I.e. there are a lot of potential solutions (the list can go on and on) and "making a mess" in software is not the best of them and, as experience shows, is often the most inadequate.

I do not insist on the "hump option", just asking: the more variants the data will be divided into, the better training can be obtained by doing an analysis of the results. Let's say that in 90% of cases we see that the model shows adequate results on the test data, and only in 10% we get overtraining, which means that the model itself is worth something. And if it's the other way around, it's worth recycling. And if we divide the data into only 4 different variants, the probability that we will get an overtrained model is extremely high.
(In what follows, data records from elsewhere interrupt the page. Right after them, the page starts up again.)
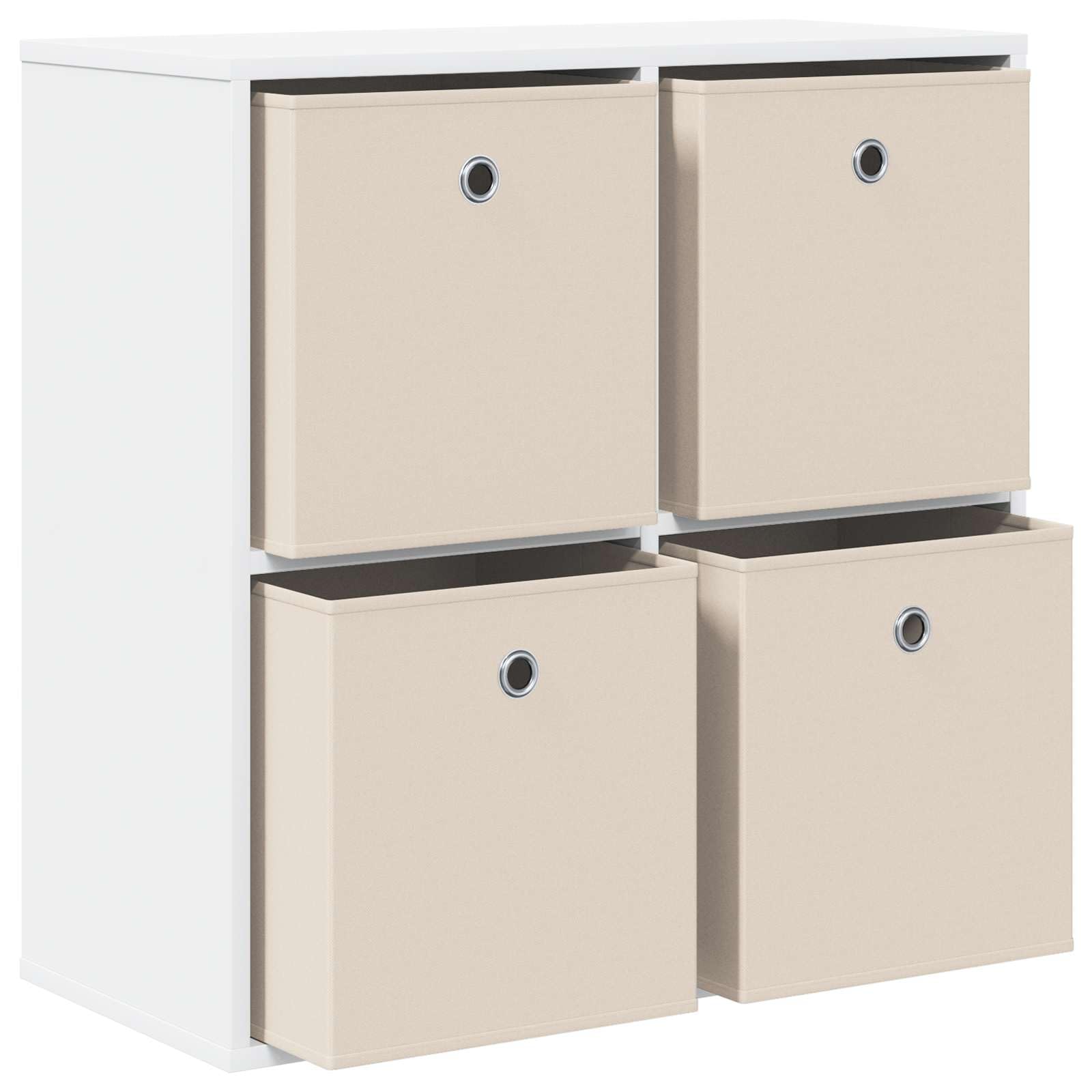 Credenza bianca 68,5 x 32 x 67 cm con 4 cassetti, per soggiorno, sala da pranzo, ufficio, moderna, salvaspazio, scaffale, organizer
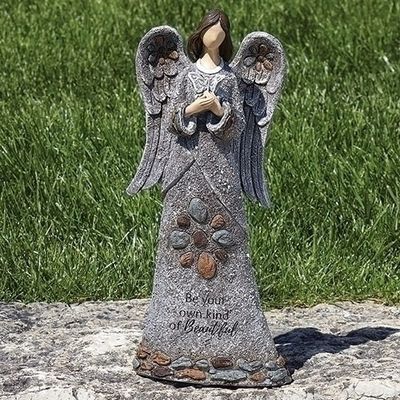14&quot;H Angel W/Butterfly Pebble Statue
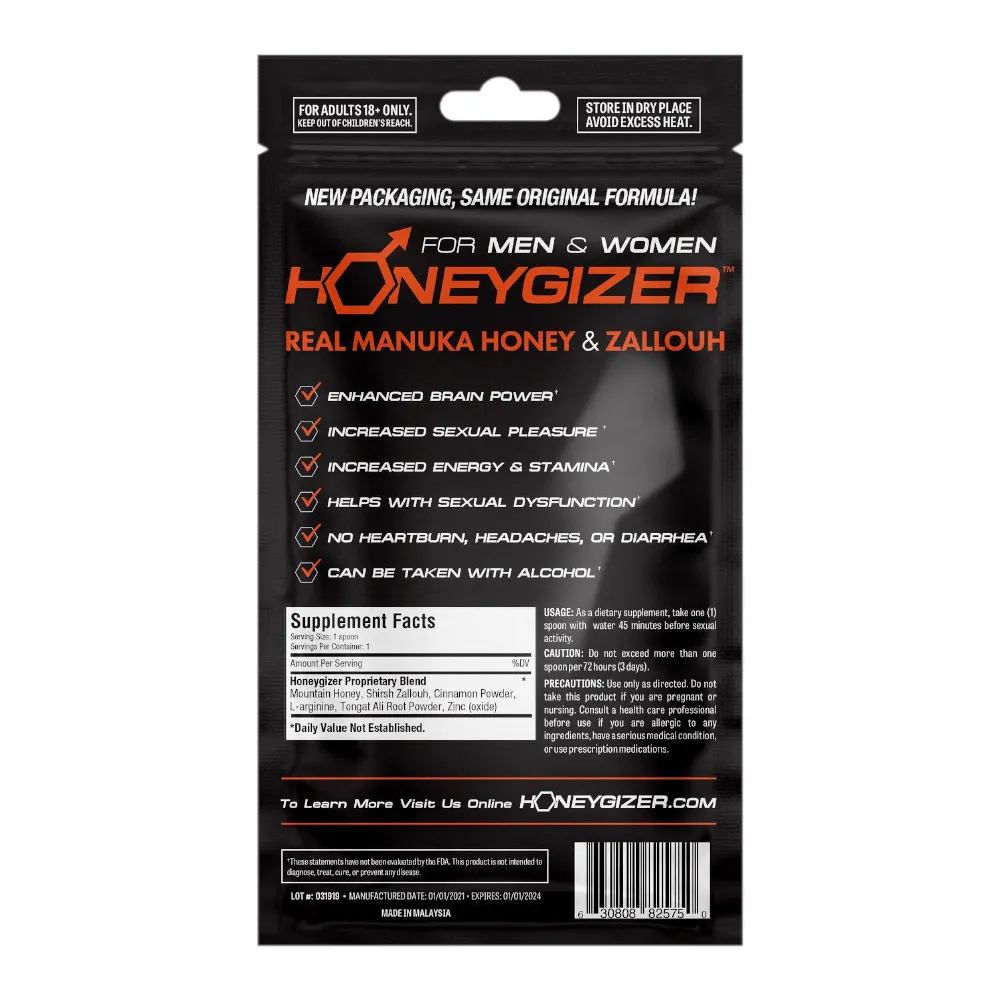 HONEYGIZER Male Sexual Enhancement- Real Manuka Honey & Zallouh (24 Spoons)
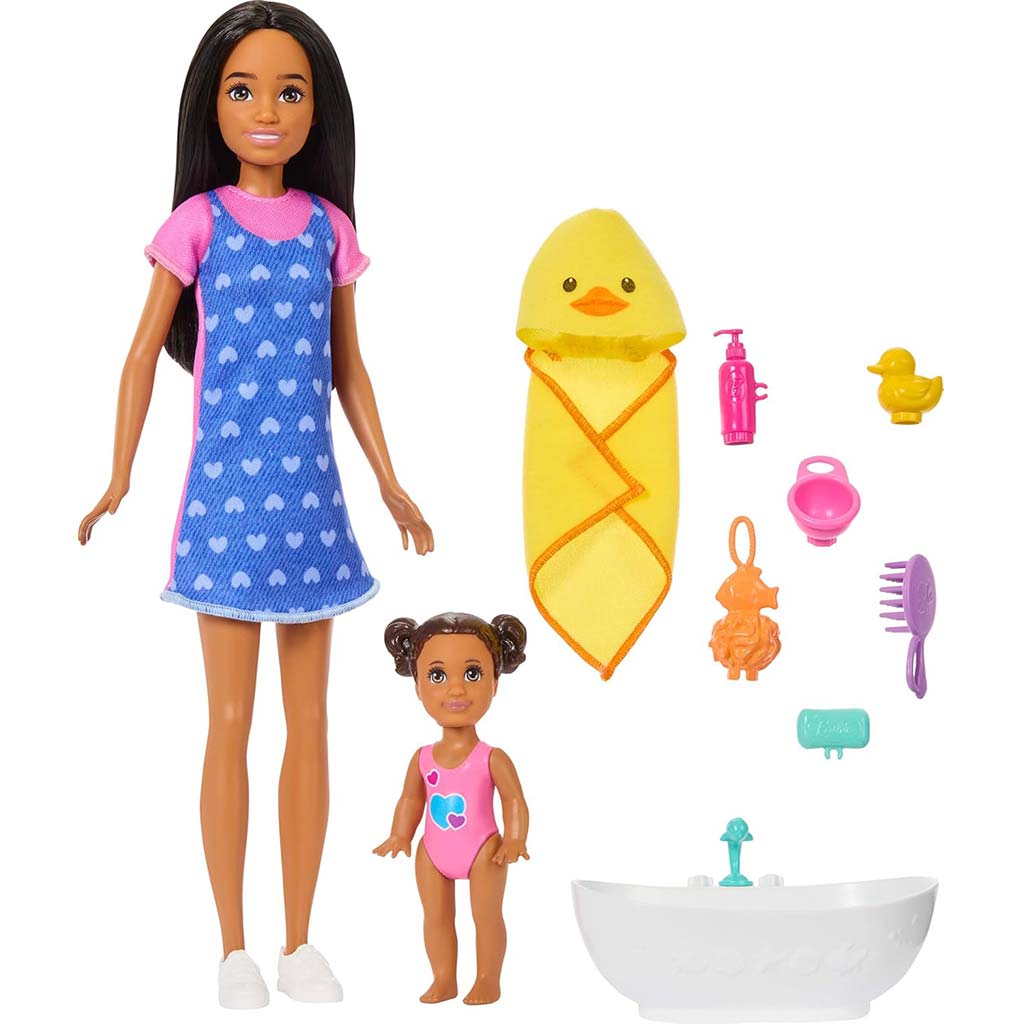 Bábika Barbie v šatách so srdiečkami, súprava na babysitting – Mattel kép 4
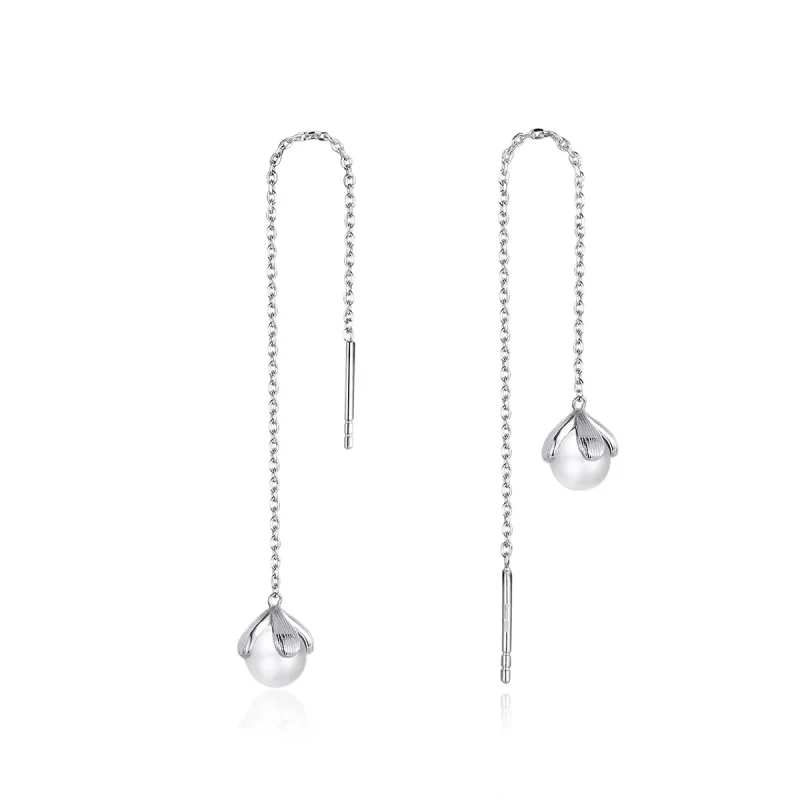 (image for) Pandora Style Silver Dangle Earrings, Thread Pure Flowers - BSE373 - Product Image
Again, I'm not touching on the "hardware" aspects, just clarifying the "software" ones.

Vizard_:...

Not having advantages over the known..... but nobody will believe)))

Give a concrete example of known ... that "have advantages".

And from you nothing but unsubstantiated criticism, which always ends with the fact that the sample does not give, do not show the software (all strictly classified, witnesses removed). But you draw some unrealistic figures that no one but you can neither confirm nor deny.

Banal question for you: if, according to quotations, you "have a possibility to get" 92% with kopecks of generalizing ability, then why are you still engaged in empty criticism of some not "having advantages with known ...", but not engaged in buying: factories, newspapers, steamships, islands, yachts, etc.? And when will I be able to admire your face on the cover of Forbes?